Several key populations are being targeted for new HSV treatments:

  1. Immunocompromised patients remain at high risk for severe HSV manifestations, including encephalitis and life-threatening infections. Solid organ transplant (SOT) recipients experience more severe clinical manifestations compared to immunocompetent persons and respond more slowly to therapy.

  2. Patients with drug-resistant HSV infections need alternative treatments, as resistance poses a current and future threat.

  3. Patients experiencing long-term toxicity from current antiviral drugs require treatments with lower toxicity profiles.

  4. Patients with herpes simplex keratitis (HSK), a major cause of corneal blindness, need safer and more effective topical antiviral agents.

  5. Contact lens users are at risk for Acanthamoeba keratitis (AK), with HSV genomic signatures detected in 26% of Acanthamoeba hosts recovered from patients with culture-confirmed AK.

  6. Populations with higher rates of STIs including HSV are people younger than 25 years, sexual and gender minorities such as men and transgender women who have sex with men, and racial and ethnic minorities such as Black and Latinx people.

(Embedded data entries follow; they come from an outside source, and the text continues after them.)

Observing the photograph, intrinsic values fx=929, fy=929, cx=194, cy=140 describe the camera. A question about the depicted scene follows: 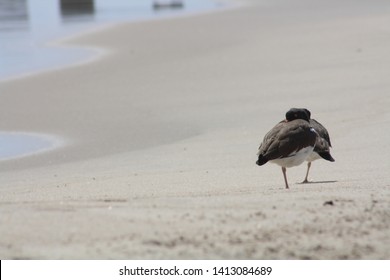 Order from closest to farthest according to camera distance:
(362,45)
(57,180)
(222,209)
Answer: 1. (222,209)
2. (57,180)
3. (362,45)

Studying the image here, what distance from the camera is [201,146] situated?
1041 cm

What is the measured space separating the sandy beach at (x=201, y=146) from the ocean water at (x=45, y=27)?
490mm

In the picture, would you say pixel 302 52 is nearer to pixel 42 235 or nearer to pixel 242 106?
pixel 242 106

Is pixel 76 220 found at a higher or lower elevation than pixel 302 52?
higher

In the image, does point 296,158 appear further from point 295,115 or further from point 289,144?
point 295,115

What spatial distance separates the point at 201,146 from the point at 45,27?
54.1 feet

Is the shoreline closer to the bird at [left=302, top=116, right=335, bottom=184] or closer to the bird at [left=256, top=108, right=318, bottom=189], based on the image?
the bird at [left=302, top=116, right=335, bottom=184]

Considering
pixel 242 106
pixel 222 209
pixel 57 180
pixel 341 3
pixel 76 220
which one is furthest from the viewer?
pixel 341 3

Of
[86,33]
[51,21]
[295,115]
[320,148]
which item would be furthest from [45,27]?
[320,148]

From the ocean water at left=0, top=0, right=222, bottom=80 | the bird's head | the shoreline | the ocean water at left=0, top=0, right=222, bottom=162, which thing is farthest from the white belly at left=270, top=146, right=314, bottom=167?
the ocean water at left=0, top=0, right=222, bottom=80

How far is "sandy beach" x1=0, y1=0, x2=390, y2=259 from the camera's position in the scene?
531 cm

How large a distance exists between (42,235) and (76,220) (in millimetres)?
310

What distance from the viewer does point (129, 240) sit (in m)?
5.19

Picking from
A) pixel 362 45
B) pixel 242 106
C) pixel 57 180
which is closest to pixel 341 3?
pixel 362 45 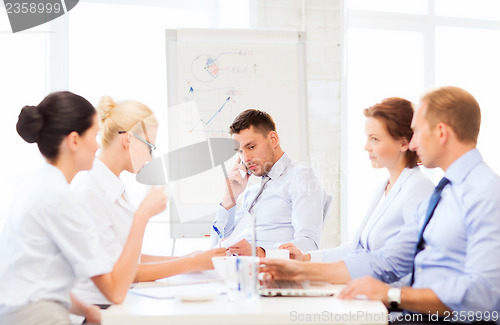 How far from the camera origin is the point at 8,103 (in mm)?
3652

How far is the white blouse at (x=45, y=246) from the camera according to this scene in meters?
1.47

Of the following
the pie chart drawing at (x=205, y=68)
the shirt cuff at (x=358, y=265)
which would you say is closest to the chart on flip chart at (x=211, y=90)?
the pie chart drawing at (x=205, y=68)

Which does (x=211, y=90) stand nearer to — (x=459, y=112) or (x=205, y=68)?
(x=205, y=68)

  7. Patients with latent HSV infection are targeted by novel approaches like endonuclease-mediated mutagenesis and CRISPR/Cas9 gene editing technologies that could potentially cure latent infection.

Emerging Solutions

Recent research has identified potential vaccine candidates through reverse-vaccinology pipeline screening. Immunoinformatics strategies have shown promise in designing novel vaccine candidates. Natural products like Embelin are being explored as potential treatments for latent herpesvirus infection. Bispecific antibodies (BsAbs) targeting different domains of glycoprotein D have shown potential to outperform individual monoclonal antibodies in curbing herpes infection.

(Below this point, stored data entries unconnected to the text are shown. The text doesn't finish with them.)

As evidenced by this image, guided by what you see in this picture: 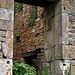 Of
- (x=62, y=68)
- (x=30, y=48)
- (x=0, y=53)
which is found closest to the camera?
(x=0, y=53)

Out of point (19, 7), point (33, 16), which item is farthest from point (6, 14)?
point (19, 7)

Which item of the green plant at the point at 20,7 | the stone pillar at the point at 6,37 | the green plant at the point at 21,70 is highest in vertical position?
the green plant at the point at 20,7

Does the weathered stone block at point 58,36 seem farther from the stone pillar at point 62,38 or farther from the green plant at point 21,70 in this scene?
the green plant at point 21,70

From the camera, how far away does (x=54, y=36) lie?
447 centimetres

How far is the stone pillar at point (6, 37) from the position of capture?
3.59m

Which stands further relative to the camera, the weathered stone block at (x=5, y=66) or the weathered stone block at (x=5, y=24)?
the weathered stone block at (x=5, y=24)

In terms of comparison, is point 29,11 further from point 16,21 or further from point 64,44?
point 64,44

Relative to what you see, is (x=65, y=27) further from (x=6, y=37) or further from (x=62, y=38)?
(x=6, y=37)

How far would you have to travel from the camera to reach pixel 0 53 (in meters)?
3.60

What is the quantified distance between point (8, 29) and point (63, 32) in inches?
51.9

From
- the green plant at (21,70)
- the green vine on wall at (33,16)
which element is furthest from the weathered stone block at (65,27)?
the green vine on wall at (33,16)

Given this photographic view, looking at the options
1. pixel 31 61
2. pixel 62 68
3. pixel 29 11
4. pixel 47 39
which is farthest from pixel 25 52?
pixel 62 68

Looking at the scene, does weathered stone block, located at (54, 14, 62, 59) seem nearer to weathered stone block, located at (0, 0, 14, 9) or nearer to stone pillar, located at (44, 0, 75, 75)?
stone pillar, located at (44, 0, 75, 75)

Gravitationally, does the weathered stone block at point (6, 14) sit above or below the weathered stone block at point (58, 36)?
above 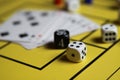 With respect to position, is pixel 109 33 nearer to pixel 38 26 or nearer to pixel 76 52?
pixel 76 52

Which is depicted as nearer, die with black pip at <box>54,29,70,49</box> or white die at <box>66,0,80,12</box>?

The high global prevalence of HSV (13.2% with HSV-2 and 66.6% with HSV-1 as of 2016) underscores the critical need for better management strategies and novel therapeutic approaches.

Drugs with Similar Mechanism of Action as Pritelivir

After thorough research, insufficient information is available regarding other drugs being trialed for the same indication using the same mechanism of action (MoA) as Pritelivir.

The mechanism of action of Pritelivir itself is not detailed in the available data, nor is the specific indication for which it is being developed. Without this foundational information, it is not possible to identify other drugs that share Pritelivir's MoA or are being tested for the same indication.

Similarly, no data is available regarding the intervention models used in clinical trials for Pritelivir or comparable drugs. Clinical trial designs typically include various intervention models such as parallel assignment, crossover assignment, factorial assignment, or sequential assignment, but specific models used for Pritelivir-like drugs cannot be determined from the available information.

For comprehensive information about Pritelivir and similar drugs, consulting specialized pharmaceutical databases, clinical trial registries like ClinicalTrials.gov, or recent medical literature would be necessary. These sources would provide details on Pritelivir's mechanism of action, therapeutic targets, and comparable compounds in development.